[ubuntu-uk] Opensource on BBC Technology

Andy stude.list at googlemail.com
Wed Jan 17 19:09:04 GMT 2007


On 17/01/07, London School of Puppetry <lspinfo at gmail.com> wrote:
> Could someone outline for me the benefits of using OSS in schools and other
> publicly funded bodies- I feel in need of someone with knowledge to tell me,
> Caroline


I would expect the GNU guys to have a page about this on their
website, and here it is:
<http://www.gnu.org/education/education.html>

Some reasons off the top of my head:
1. Price (its often free of cost)

2. No single vendor lock in, Free Open Source software can be examined
and thus you can produce other compatible programs to read any files
you may have had.
You can also port them o different systems if you want.

3. Security. Schools hold sensitive information. If you use non-free
software you can not accurately determine what the program is doing,
it could be sending sensitive information back to its creator or could
have deliberate backdoors in it.
No-one but Microsoft knows if Windows contains such backdoors, but
there is more evidence to suggest it does have backdoors than evidence
to suggest it doesn't.

4. Ability to provide software to students, schools can allow students
to do work at home, such as writing essays, as long as they have a PC
if the school uses Free software then they can give out copies.

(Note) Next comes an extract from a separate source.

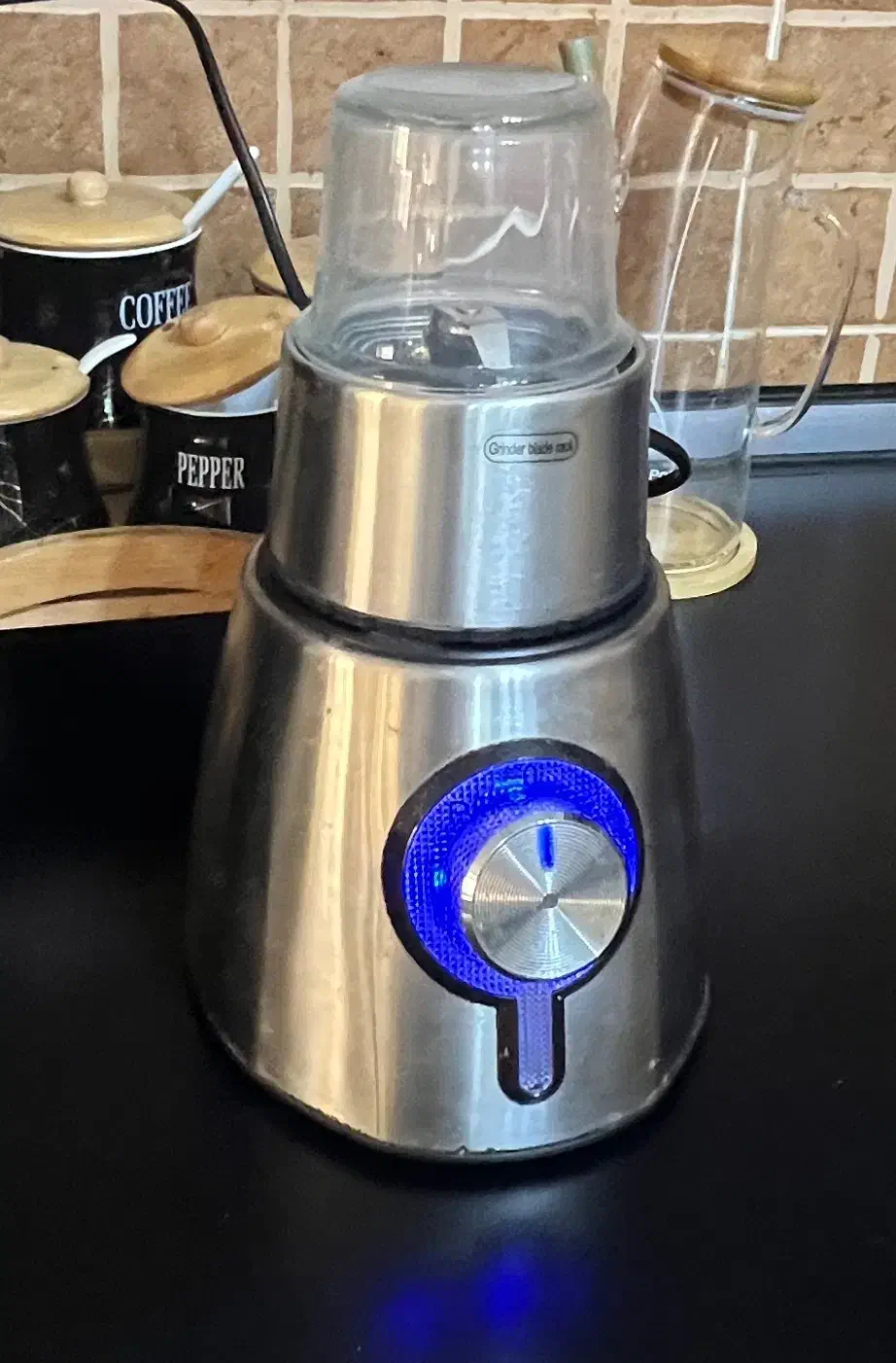 آسیاب|خردکن، آسیاب، غذاساز|قشم, |دیوار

This
allows poorer people to receive a better education, as much software
is now more expensive than the minimum hardware needed for a working
system.
(MS Office 2003, student version: £119.99 WinXP home SP2 £176.99
source Amazon.co.uk)
ArsTechnica budget box is $500, (roughly £250),
thus hardware cheaper than the MS OS and Office suite.
And that's not counting all the other software.
Or is it OK to require people to have money to get an education?

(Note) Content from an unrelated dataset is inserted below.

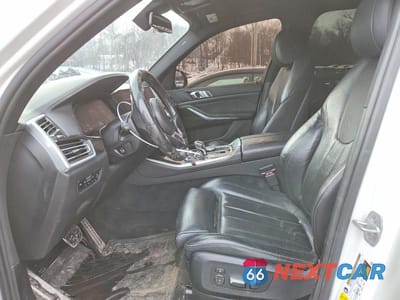 Zdjęcie 7 z 13 samochodu: 2021 BMW X5 XDRIVE40I VIN:5UXCR6C06M9D77968 - miniatura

5. Ability to learn from the software.
All the source code is available. If a student asks 'how does this
program work', you can give them the source code to find out for
themselves.

6. Ability to adapt it to work with the schools system.

7. Ability to fix problems with the software if/when the vendor
refuses to (and yes vendors like Microsoft have refused to fix serious
security issues, let alone bugs)

8. Reassurance the program isn't going to suddenly stop being
maintained. If the company hat creates it folds another company can
work on it from where the dead company left off.

9. Effective use of British tax payers money. Should British tax payer
money be spent on strengthening a foreign monopoly? Surely it should
support British software companies. (And we all know that Canonical is
registered in the Isle of Man right?)

Also you may want to look at the Becta report.